• _EXERCISE_:
No line before the one holding "<b>¿O este ataque" is wanted; restate word for word that line and all lines after it to the end of the entries, excluding pictures.

• _INFORMATION PROVIDED_:
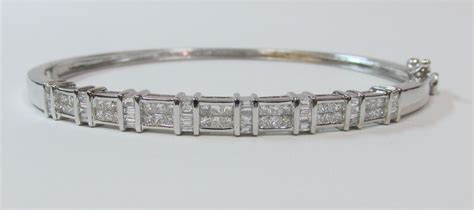 Diamond 14K White Gold Bangle Bracelet - Country Club Jewels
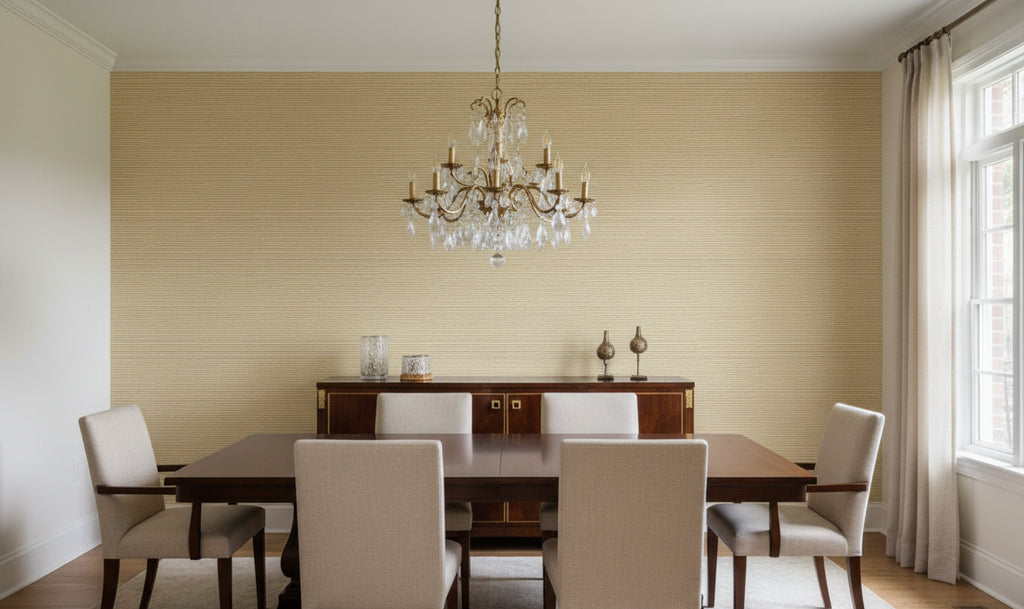 Kipa Tight Woven Grasscloth | Phillipe Romano - dining room room setting
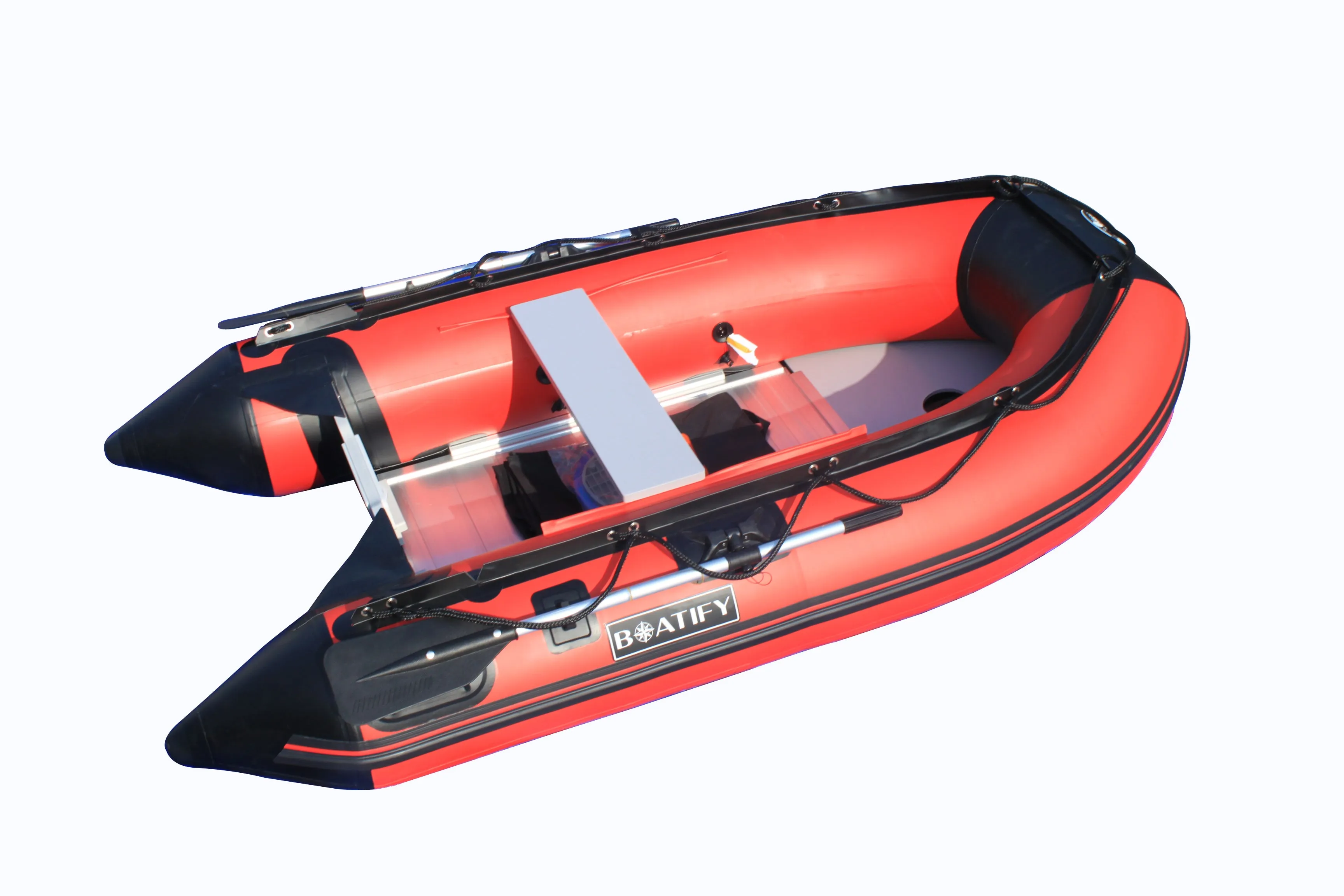 Boatify 9.8ft Inflatable Boat Raft Fishing Dinghy Pontoon Boat Kayak with Aluminum Floor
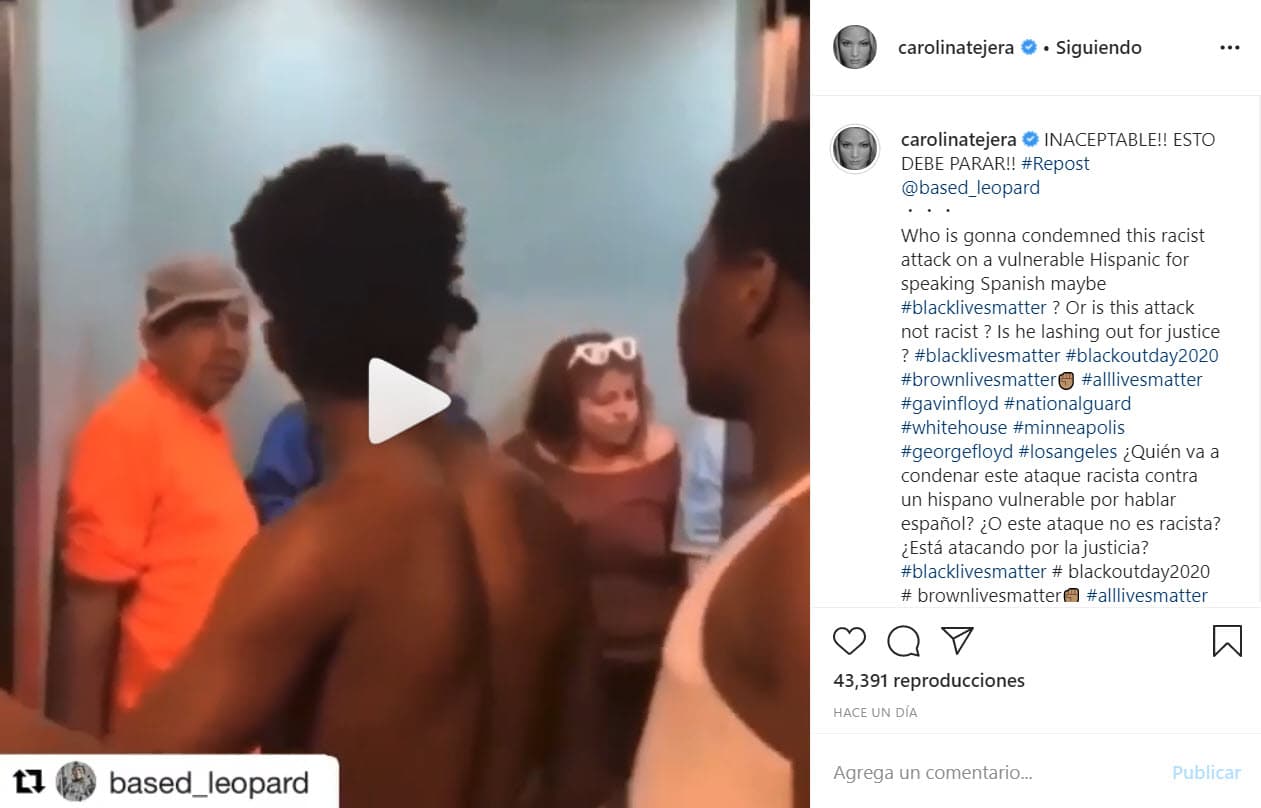 "¿Quién va a condenar este ataque racista contra un hispano vulnerable por hablar español? 
<b>¿O este ataque no es racista?</b> ¿Está atacando por la justicia?", escribió la actriz al lado del clip.
<br>
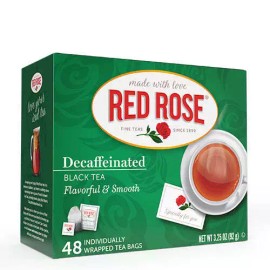Red Rose Decaffeinated Individually Wrapped Black Tea Bags - 48ct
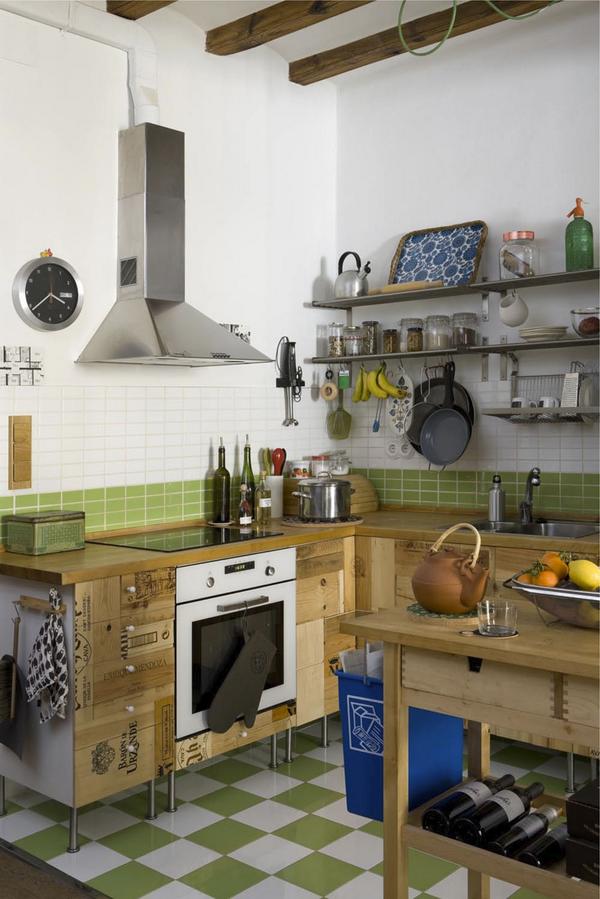 dwell's tweet image. This kitchen cabinets of this apartment in #Barcelona were made from recycled wine boxes: bit.ly/1rques1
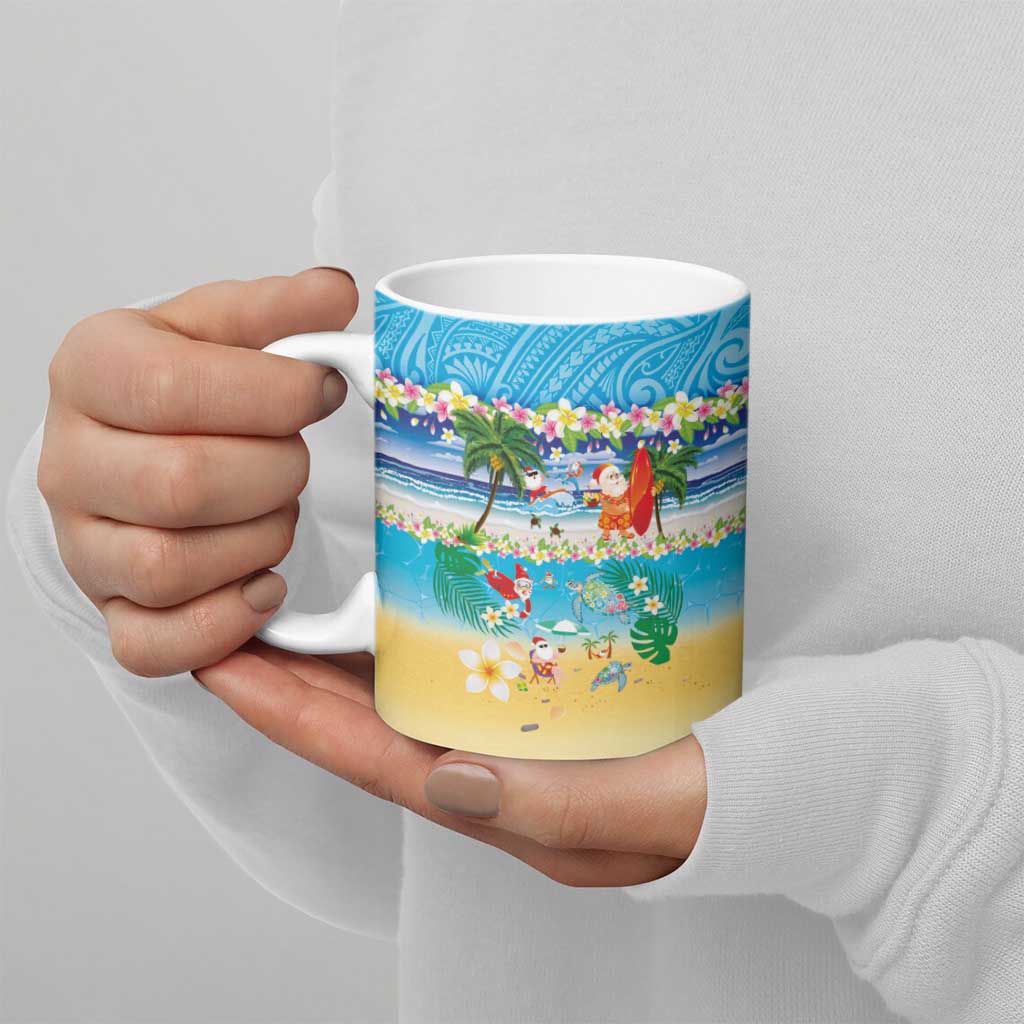 Polynesian Merry Christmas Ceramic Mug Funny Santa Beach Tropical Plant and Turtle - Polynesian Pride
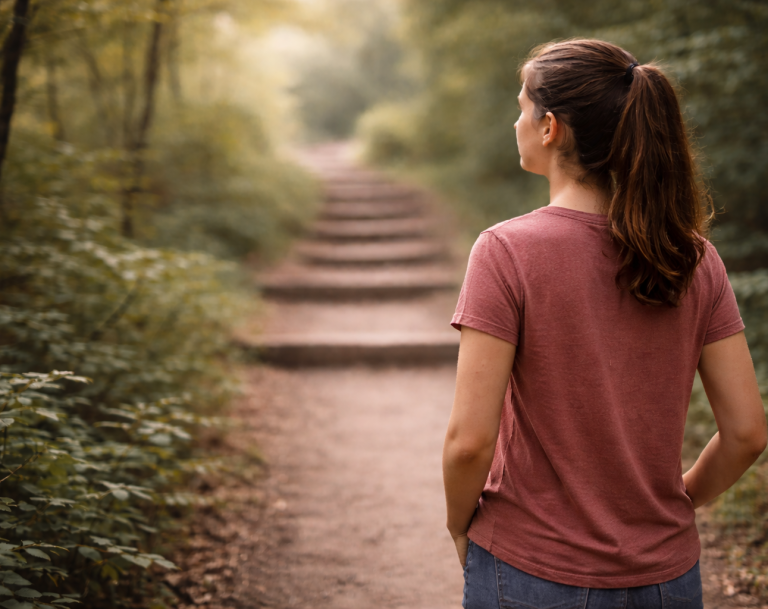 Young person pausing on a woodland path, looking ahead and reflecting on next steps
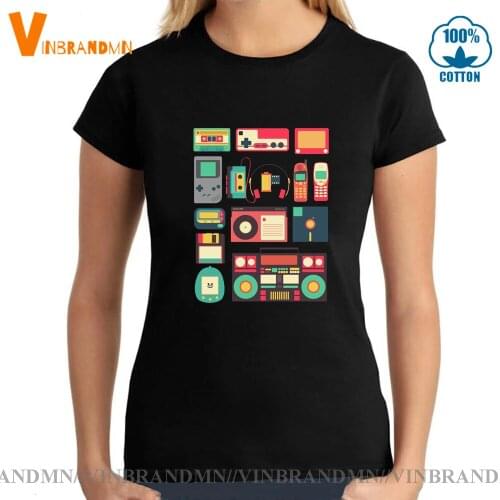 Techno Game PC T Shirt Console Cassette Controller Telephone Technology Videogame Black Tshirts For Women High Quality Print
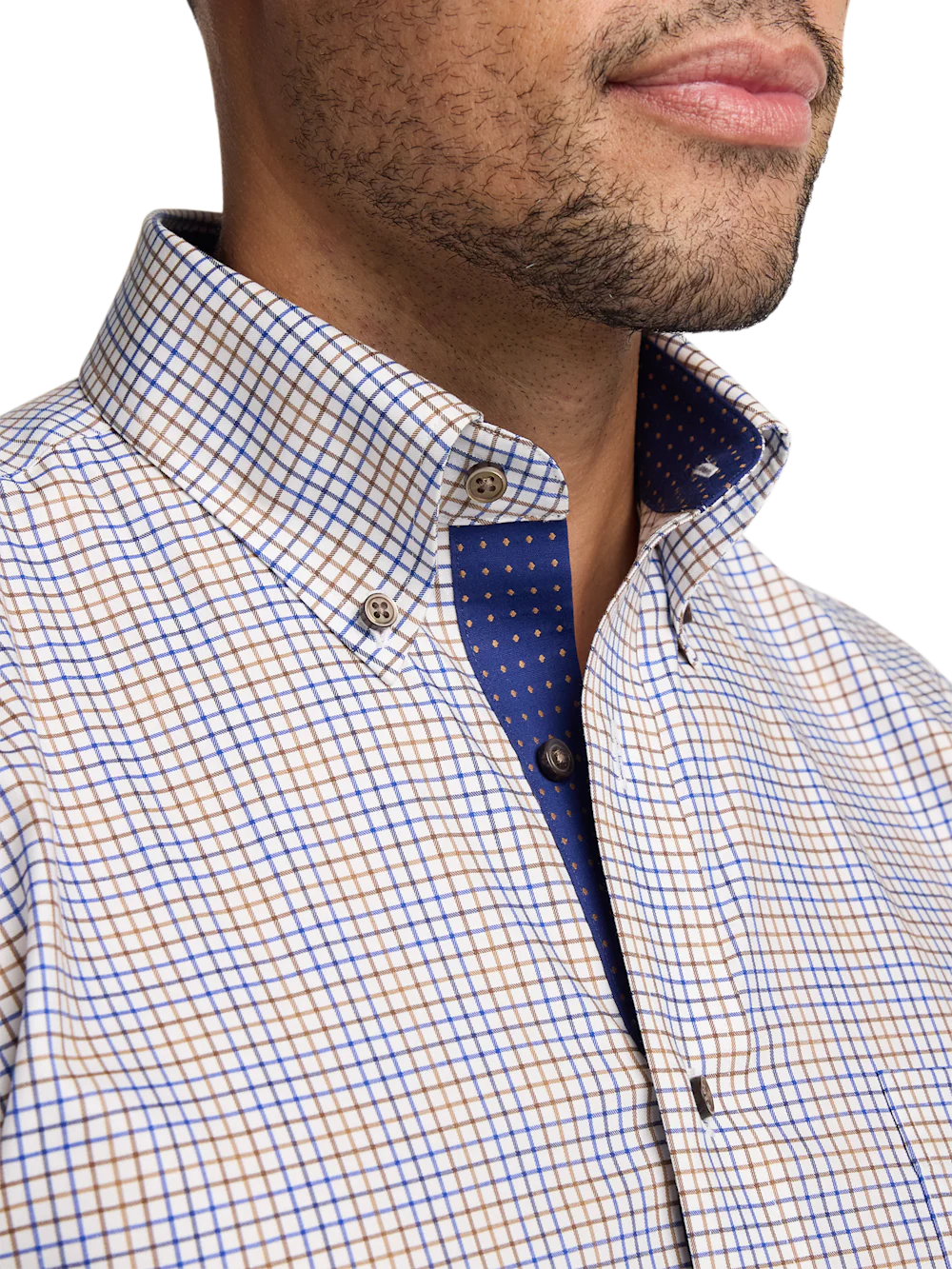 Comfort Stretch Non-Iron Tattersall Dress Shirt With Contrast Trim - Navy/tan - Image 3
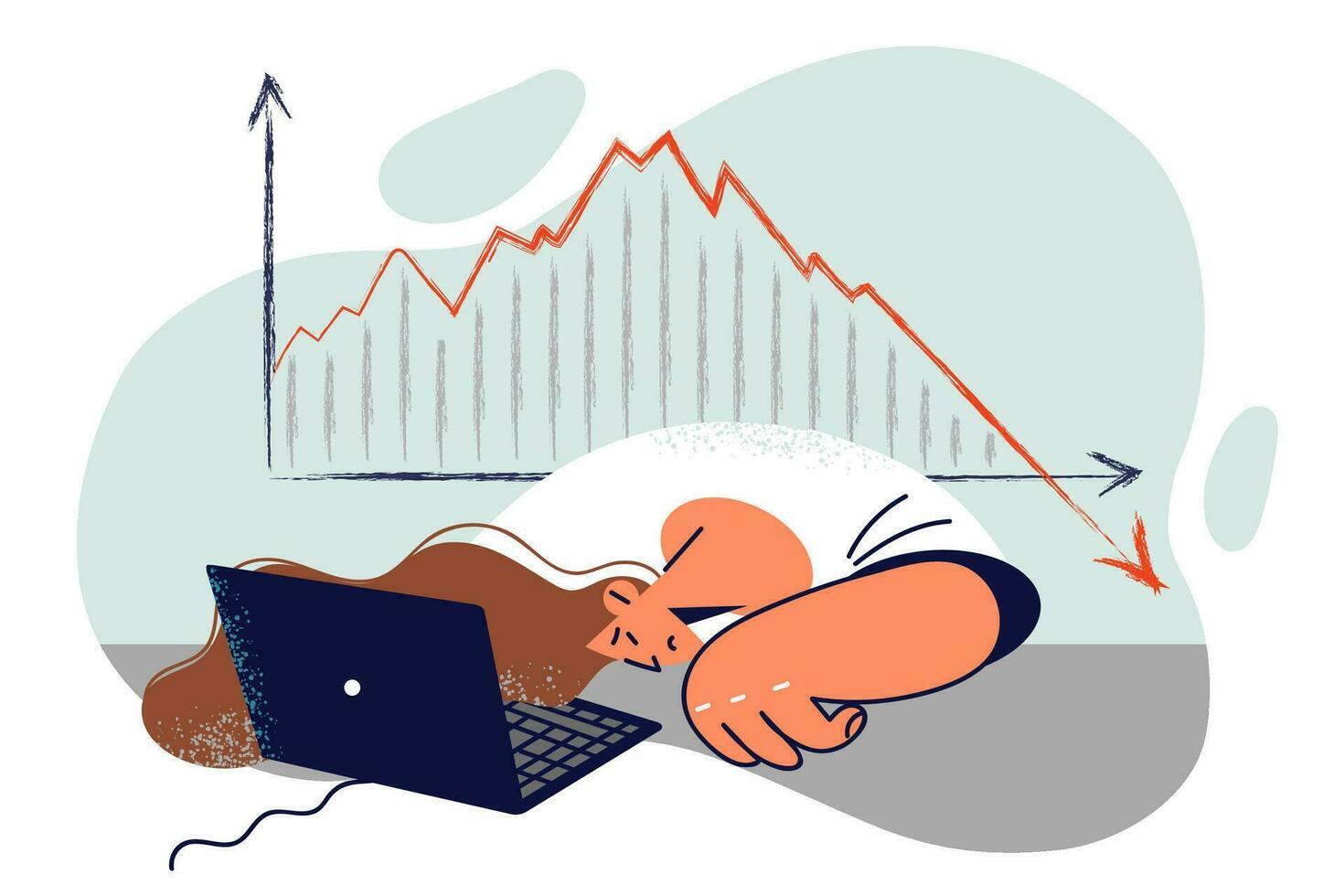 Tired woman put head on table near laptop seeing falling chart, which means beginning of crisis and financial recession. Business lady filed for bankruptcy due to economic crisis in stock market vector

• _ANSWER_:
<b>¿O este ataque no es racista?</b> ¿Está atacando por la justicia?", escribió la actriz al lado del clip.
<br>
Red Rose Decaffeinated Individually Wrapped Black Tea Bags - 48ct
 dwell's tweet image. This kitchen cabinets of this apartment in #Barcelona were made from recycled wine boxes: bit.ly/1rques1
 Polynesian Merry Christmas Ceramic Mug Funny Santa Beach Tropical Plant and Turtle - Polynesian Pride
 Young person pausing on a woodland path, looking ahead and reflecting on next steps
 Techno Game PC T Shirt Console Cassette Controller Telephone Technology Videogame Black Tshirts For Women High Quality Print
 Comfort Stretch Non-Iron Tattersall Dress Shirt With Contrast Trim - Navy/tan - Image 3
 Tired woman put head on table near laptop seeing falling chart, which means beginning of crisis and financial recession. Business lady filed for bankruptcy due to economic crisis in stock market vector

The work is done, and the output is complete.